Smartphones changed the way I use the internet. My previous online behaviour seems almost quaint now.
Online maps, for example, were already pretty useful before I could access them on my phone. But a map on my phone - that knows where I am as well as where I'm going - is quite a lot more useful than a those A4 print outs I used to carry around. And a map on my phone that knows where I am and where I'm going, and with layers of additional useful information helping me to make choices about the thing I'm looking for, is even more useful than that.
Like a third of British adults, mobile internet apps have become integral to many of the things I do each day. Apps for networking like Twitter and Yammer, apps for reading like Reeder, apps for phoning home like Skype, apps for reminding me what to do like Remember the Milk. I use these apps every day. They have real utility, helping me to efficiently do specific things.
But apps can do far more than help me to be a bit more efficient. The Department of Health is responsible for a lot of information and a lot of data. In its raw state some of it will only be useful to people with the specialist skills and knowledge to interpret it. Apps could make our data more useful to more people, providing new ways to access and interrogate it, helping people to make decisions about their own health and care.

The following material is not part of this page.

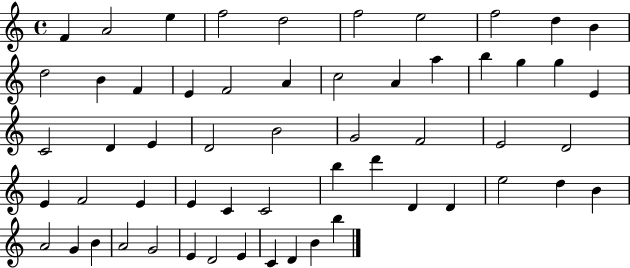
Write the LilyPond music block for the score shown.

There are plenty of examples of health apps already of course. You don't have to look too hard to find them. If you search an app store you'll find some ropey examples, but you'll find some gems too - health apps that are no doubt already helping to provide health benefits and transform behaviour.
For the next 6 weeks, we'll be inviting people to contribute to a conversation about innovation, information and apps for health and care. We want to find the best, most effective existing apps, and the best ideas for apps that haven't been developed yet.
So if you've developed a health app, or if you use a health app that you've found useful, we'd like you to tell us about it. Or if you've had a great idea for an app that you like to see developed, we'd like you to tell us about that too. Or if you'd like to develop something yourself, but you can't get the right data - or the right quality of data - to do it, you can tell us about that too.
Maps and apps runs from today for 6 weeks, and we'll be blogging about it as we go. You can vote for the best ideas as people add them.